That is glorious. I want the next misbegotten Nic Cage vehicle to be a 100,000,000 dollar remake of The Giant Spider Invasion. Directed by Peter Jackson.
I kinda liked Knowing...
But that also means you kinda didn't like it... right?
Well, yes. The space angels were a bit much, as were the implications that incest would help save humanity. But I mostly did like it. I thought it was pretty engaging as a thriller, I liked Cage and Rose Byrne and whoever played Cage's skeptical pal, and I liked that it took the concept of the end of the world seriously, and not just as an excuse for special effects. AND I liked the implication that the Apocalypse was inevitable.
I'd love to see the original draft by Ryne Douglas Pearson because I suspect it was not the action picture that is Knowing. I think this thing was at its worst as a Nic Cage vehicle, with him constantly running, running, running to no purpose and that ridiculous scene where he sees the "grays" outside his home and runs out with the baseball bat (who would leave their only child unguarded in a sprawling, unprotected home to go out and get all alpha dog like that?).

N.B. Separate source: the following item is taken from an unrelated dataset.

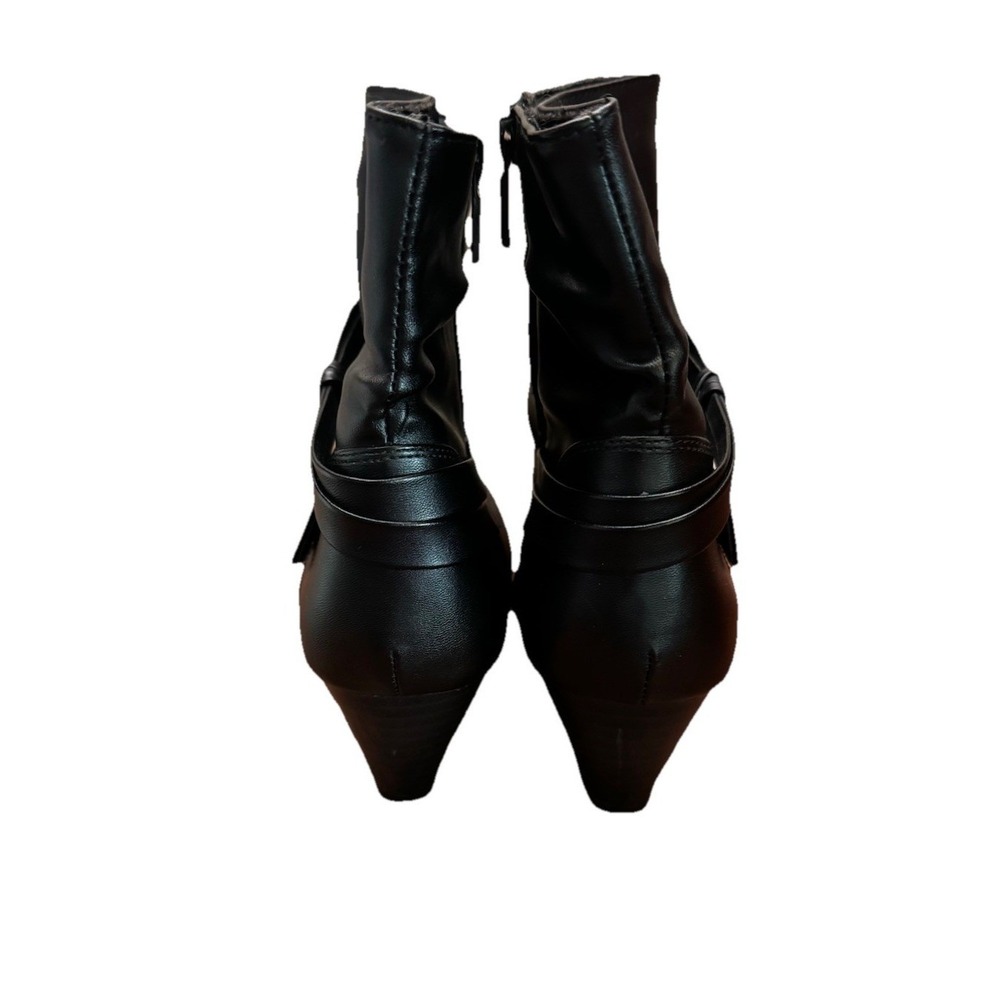 Black Ankle Boots with Straps Stacked Heel Rounded Toe Elegant Dress Shoes Sz 11 - Picture 4 of 14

The movie stunk too obviously to me of a think piece tarted up as a popcorn muncher. And poor Rose Byrne... does she ever live?
He's running to no purpose, but HE doesn't know that. I mean, he's trying to thwart disaster and massive loss of human life. AND HE FAILS! Like, three different times, and that last failure is a real humdinger. That's not fodder for your typical popcorn movie, and I honestly found that admirable. Plus, I found the moment when he's begging the aliens to be allowed to come along, and being turned away, to be pretty close to gut-wrenching.

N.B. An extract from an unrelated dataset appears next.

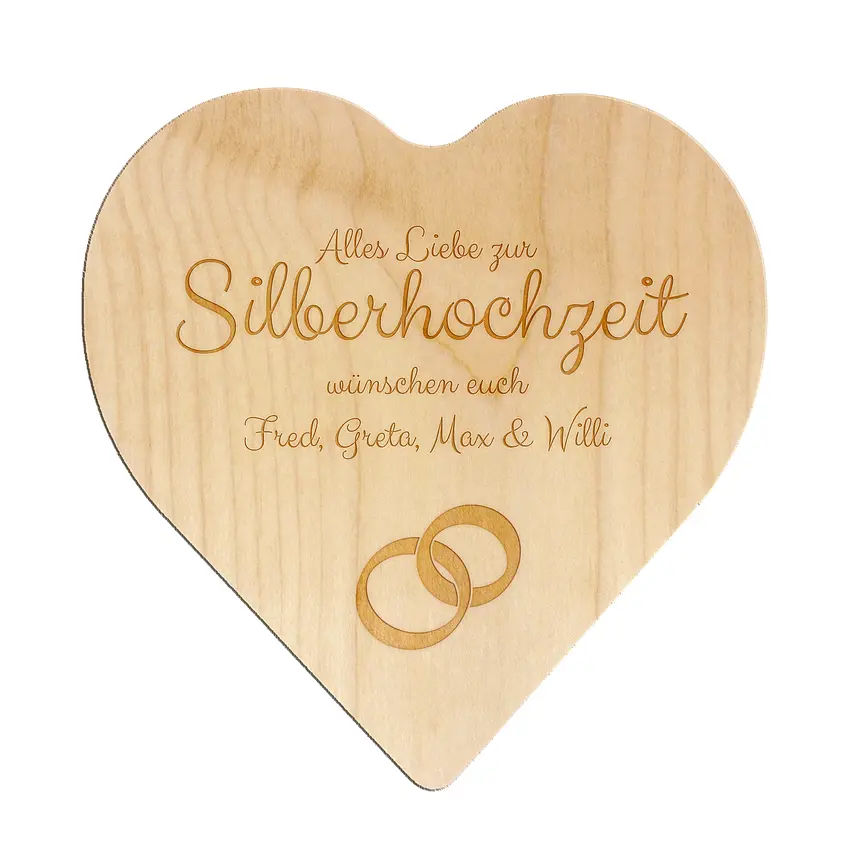 Holzherz mit Gravur zur Silberhochzeit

I'm normally very easily moved by the involvement of children in a movie - particularly the separation of parent and child (e.g., the end of the miniseries Storm of the Century) but this thing just left me cold. I will give it props for doing what Greg has complained most end-of-the-world movies don't do... but look at the price! Eternity in beige!
Nah. If you're gonna remake a Bill Rebane flick, make it the one about the sentient monster truck, Twister's Revenge.

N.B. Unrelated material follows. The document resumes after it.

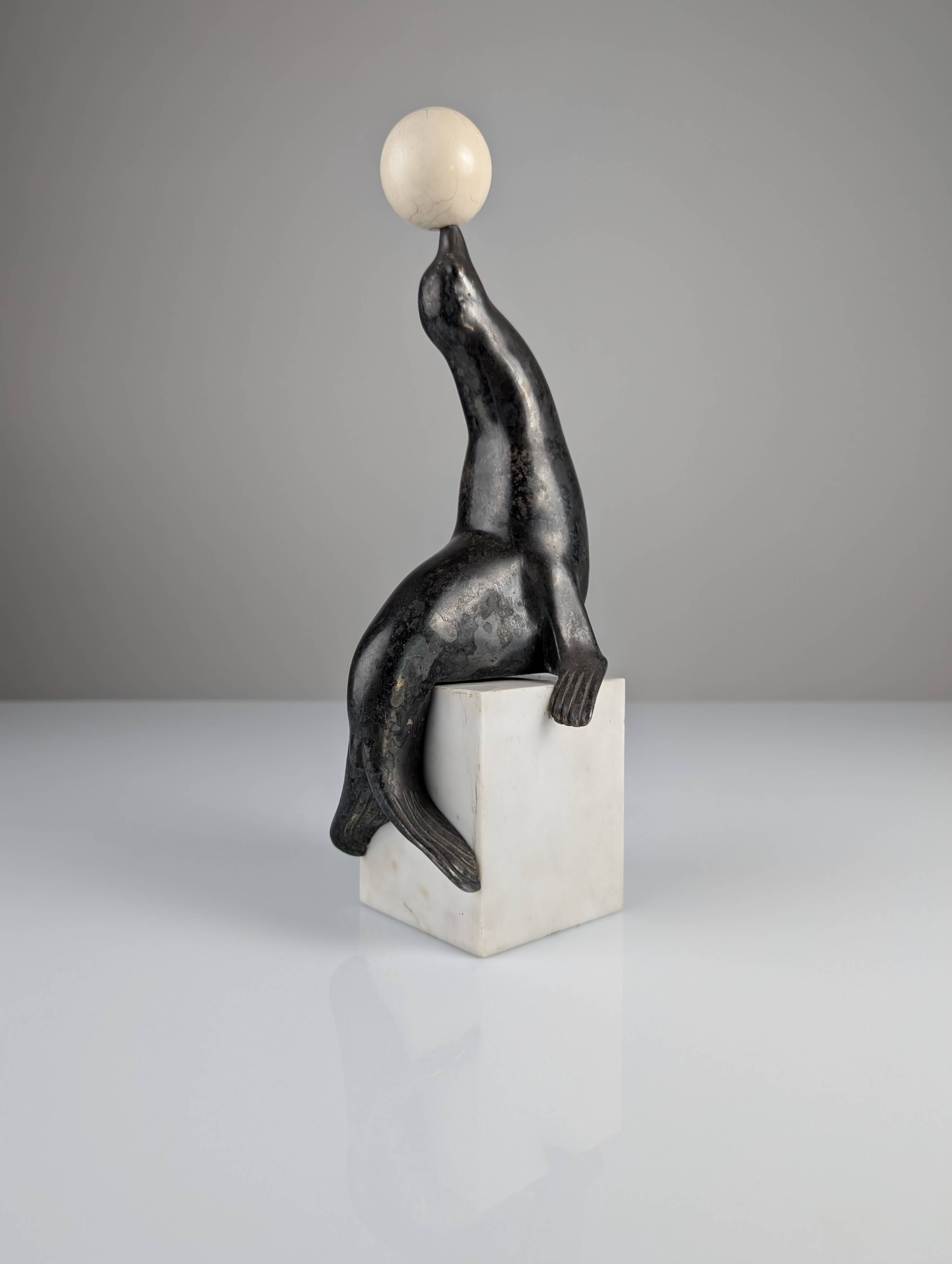 Art Deco Chryselephantine Sculpture Sea Lion att. Marcel-André Bouraine, 1900s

Wow... I didn't catch the "fast forward to 7m..."
So I sat through seven minutes of two people just wandering around in the snow.
Literally (well, aside for a minute of a DJ). But otherwise... clomp clomp clomp.
How does anyone edit six minutes of people walking and still think it'll be compelling?
You really can't break Rebane's movies up into their component parts and get anything out of them. You may not ever be able to get anything out of them but I will cop to falling under their intoxicating, ass-numbing influence... particularly The Alpha Incident, although this one kept me glued to the screen for its duration back when I was a tender young thing with a lot of time on my hands.
Give me what I want, and I'll go away.
I think the DJ scene would have been better if he was playing Papa-Oom-Mau-Mau (but then I realized Rebane already used it for Monster-a-go-go). How much do you think Coke and Marlboro paid Rebane for the product placements?